Found: $182,000 and a Lot of Grief

Contractor Bob Kitts and homeowner Amanda Reece pose with money he found in a wall at her home in Ohio. "Because they were not able to sit down and divide it in a rational way, they both lost," said an attorney involved in the dispute.
Contractor Bob Kitts and homeowner Amanda Reece pose with money he found in a wall at her home in Ohio. "Because they were not able to sit down and divide it in a rational way, they both lost," said an attorney involved in the dispute. (Courtesy Of Bob Kitts Via Associated Press)
By Joe Milicia
Associated Press
Sunday, November 9, 2008

CLEVELAND -- A contractor who found $182,000 in Depression-era currency hidden in a bathroom wall has ended up with only a few thousand dollars, but he feels some vindication.

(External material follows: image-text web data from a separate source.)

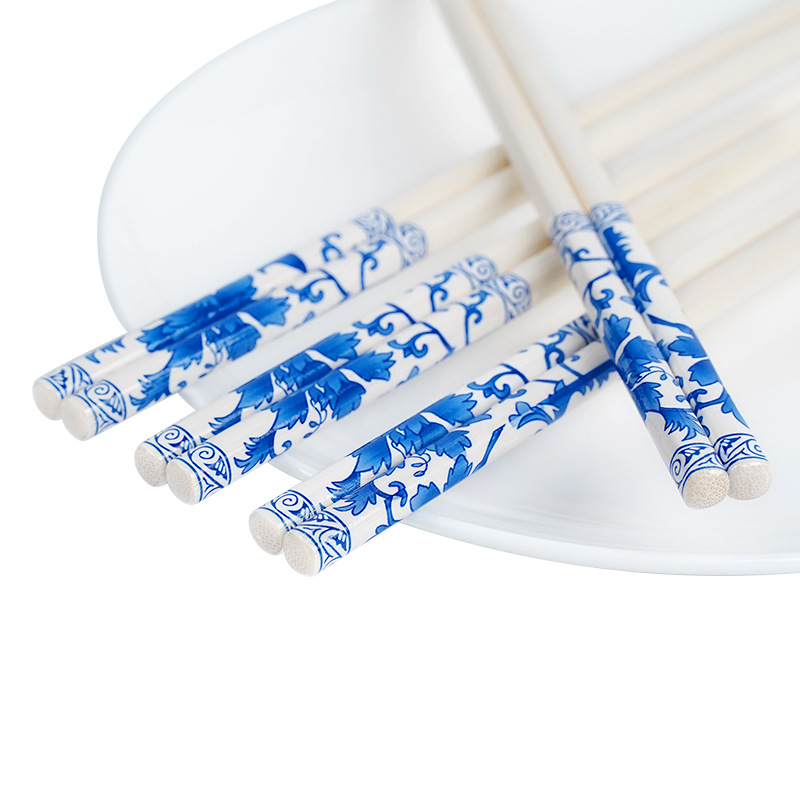 Bamboo Chopsticks Household Chinese Blue and White Porcelain Bamboo Chopsticks Disposable Chopsticks Individually Packaged Restaurant Hygienic and Convenient Chopsticks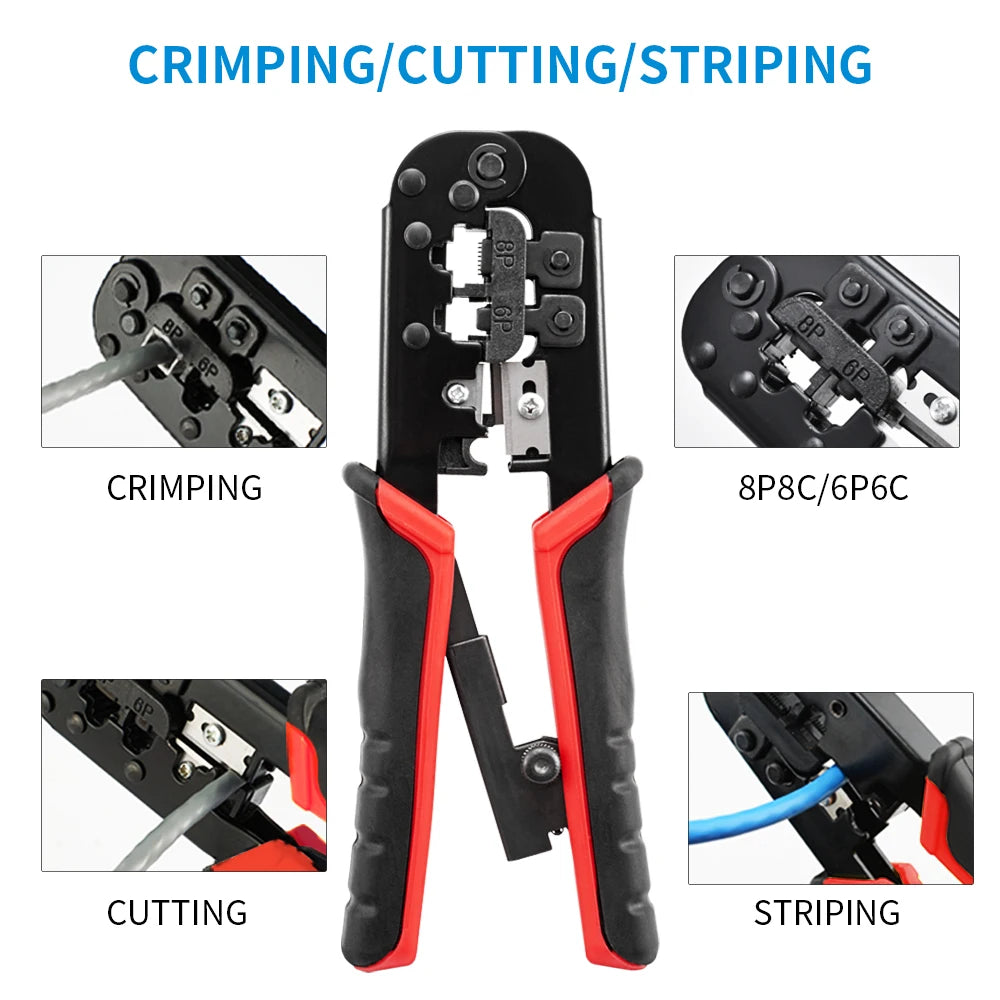 RJ45 Crimper RJ11 RJ45 Crimping Tool Ethernet Network LAN Cable Crimper Cutter Stripper Plier for 6P 8P RJ11 RJ12 RJ45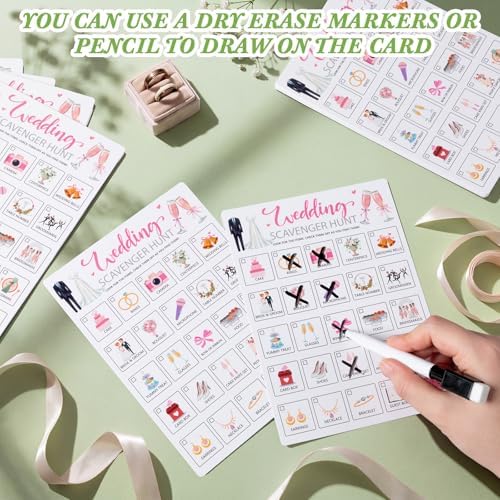 Hoolerry 30 Pcs Scavenger Hunt Cards for Kids Activities,Wedding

The windfall discovery amounted to little more than grief for contractor Bob Kitts, who couldn't agree on how to split the money with homeowner Amanda Reece.

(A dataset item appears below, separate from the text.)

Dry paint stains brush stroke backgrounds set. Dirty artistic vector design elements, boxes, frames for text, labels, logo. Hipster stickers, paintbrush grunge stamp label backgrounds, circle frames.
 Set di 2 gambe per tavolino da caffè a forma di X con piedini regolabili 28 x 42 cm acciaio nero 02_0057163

It didn't help Reece much, either. She testified in a deposition that she was considering bankruptcy and that a bank recently foreclosed on one of her properties.

And 21 descendants of Patrick Dunne -- the wealthy businessman who stashed the money that was minted in a time of bank collapses and joblessness -- will each get a mere fraction of the find.

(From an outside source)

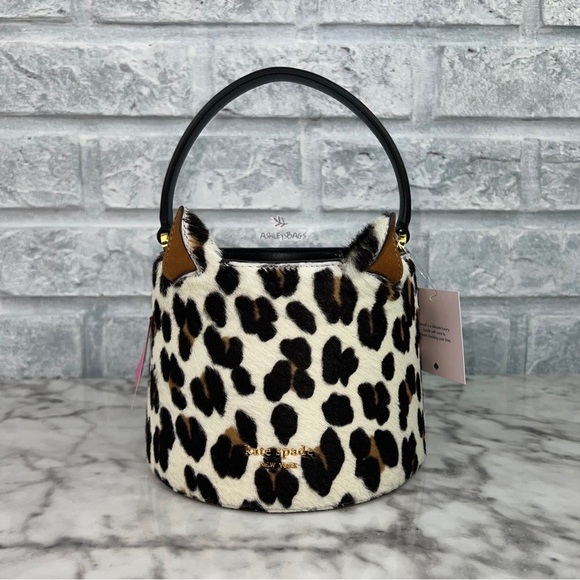 Kate Spade Buttercup Leopard Haircalf Small Bucket Bag Crossbody - Picture 6 of 16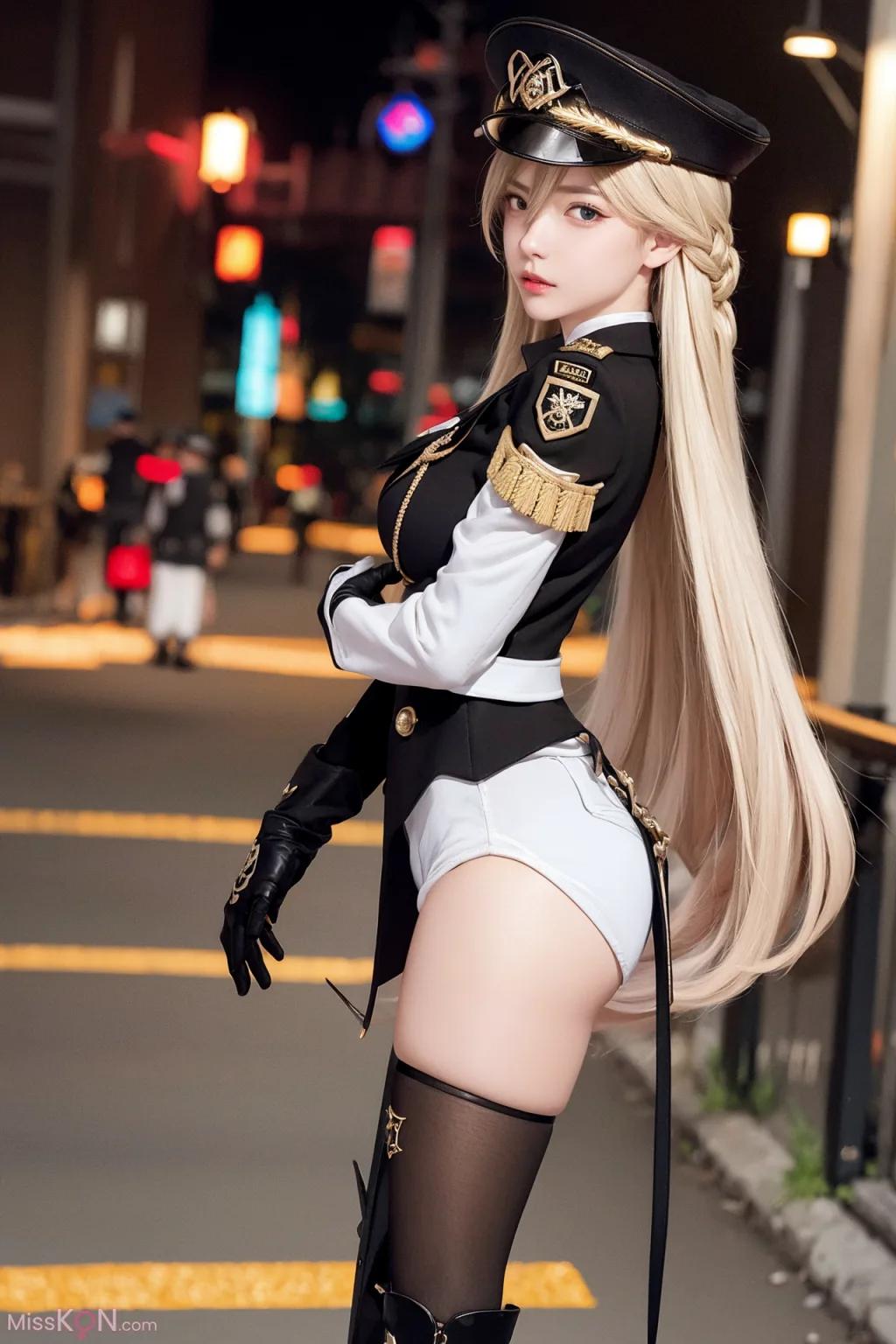 AI-Generated Photos of an AI Woman in Military Uniform (54 photos)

"If these two individuals had sat down and resolved their disputes and divided the money, the heirs would have had no knowledge of it," said attorney Gid Marcinkevicius, who represents the Dunne estate. "Because they were not able to sit down and divide it in a rational way, they both lost."

Kitts was tearing the bathroom walls out of an 83-year-old house near Lake Erie in 2006 when he discovered two green metal lockboxes hanging from a wire behind a wall. Inside were white envelopes with the return address for "P. Dunne News Agency."

"I ripped the corner off of one," Kitts said during a deposition in a lawsuit filed by Dunne's estate. "I saw a 50 and got a little dizzy."

He called Reece, a former high school classmate who had hired him for the remodeling project.

They counted the cash and posed for photographs, both grinning like lottery jackpot winners.

But how to share? She offered 10 percent. He wanted 40 percent. From there things went sour.

A month after the Cleveland Plain Dealer reported on the case in December, Dunne's estate got involved, suing for the right to the money.

By then there was little left to claim.